So he gazed at the images until one of the pictures jumped out at him: his father as a young man, proud and strong and filled with confidence, posing on a lawn with his shirt off. It was a jarring moment; remembering the frailty and loss of control he had witnessed earlier in the evening and yet seeing this portrait of great strength and confidence that resided inside the same man.
This was in January of 2020. As the months went on and the world dramatically changed around him, Morby felt an eerie similarity between his feelings of that night and the atmosphere of those spring days. Fear, anxiety, hope and resilience all churning together. The themes began twisting in his mind. History, trauma and the grand fight against time. Having the courage to dream, even while knowing the tragedy that often awaits those who dare to dream. While his father regained his strength, Morby meditated on these ideas. And then, he headed to Memphis.
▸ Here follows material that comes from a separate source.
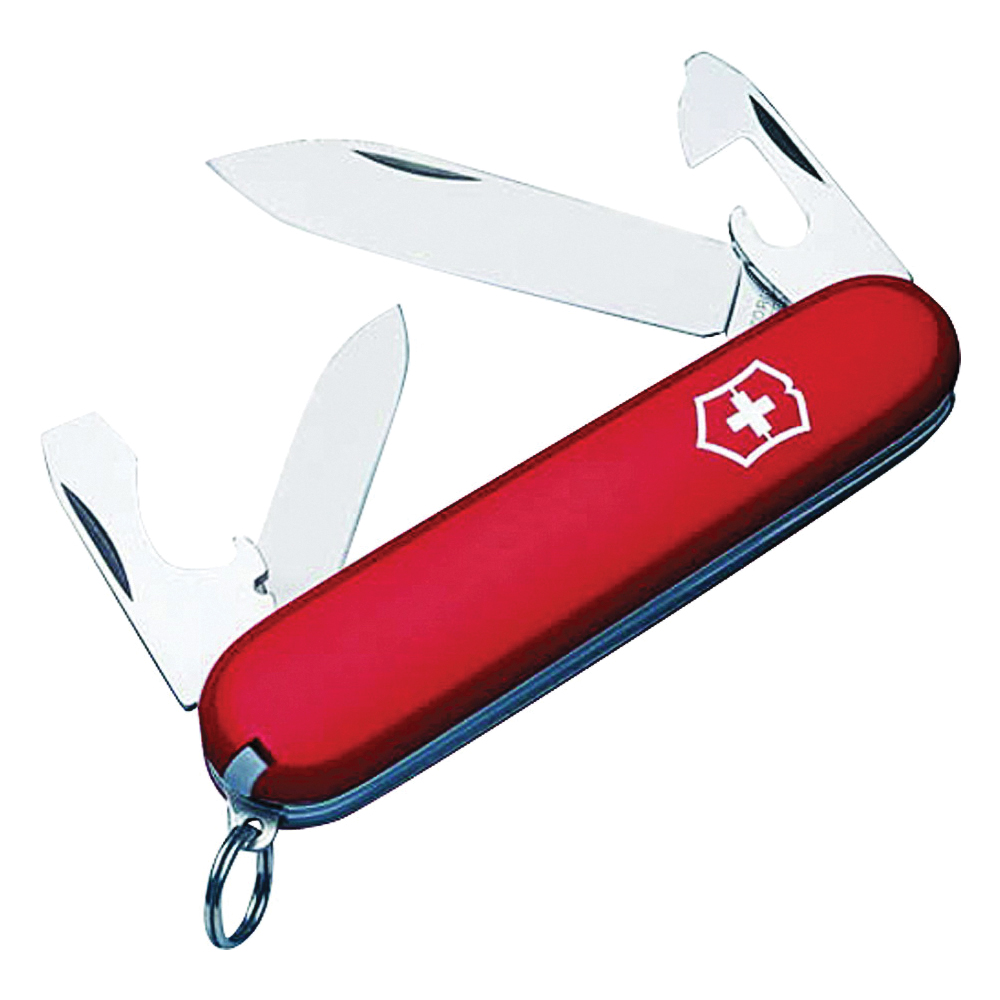 0.2503-033-X1 Multi-Tool Knife, Stainless Steel Blade, 7-Blade, Red Handle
- “If you go down to Memphis, please don’t go swimming in the Mississippi River.”
He had visited the city before of course. But this trip felt different. It called to him as both a place to begin writing on these new themes and also one that could further enhance his vision.
“Memphis became the representation of all of the American cities and towns I wanted to talk about. Because of all it had been through, there’s a resilience there that spoke to what we were all dealing with in different ways at the time.”
He moved into the Peabody Hotel, Room 409. The once vibrant epicenter of the downtown had a taken on a haunted quality, further underscoring Morby’s own feelings about mortality. His days were spent paying tribute and genuflecting to the dreamers he admired. On these gray afternoons, Morby would walk to the Lorraine Motel, pausing for a moment of reflection outside and then head down to the banks of the Mississippi River, to the spot where Jeff Buckley met his end. He’d wander around the neighborhood where Jay Reatard spent his last day then drive by the Stax marquee for a brief lift in his spirits. Then cruise out past Graceland, before traversing Highway 61, letting the ghosts call to him and shape his own dreams.
It was a perfectly disparate series of inspirations, all speaking to his meditations on time and what we do with the little of it that we have. In the evening, he would return to his room and document his new ideas on a makeshift recording set-up, with just his guitar and a microphone. The songs, elegiac in nature, befitting all he had seen, poured out of him.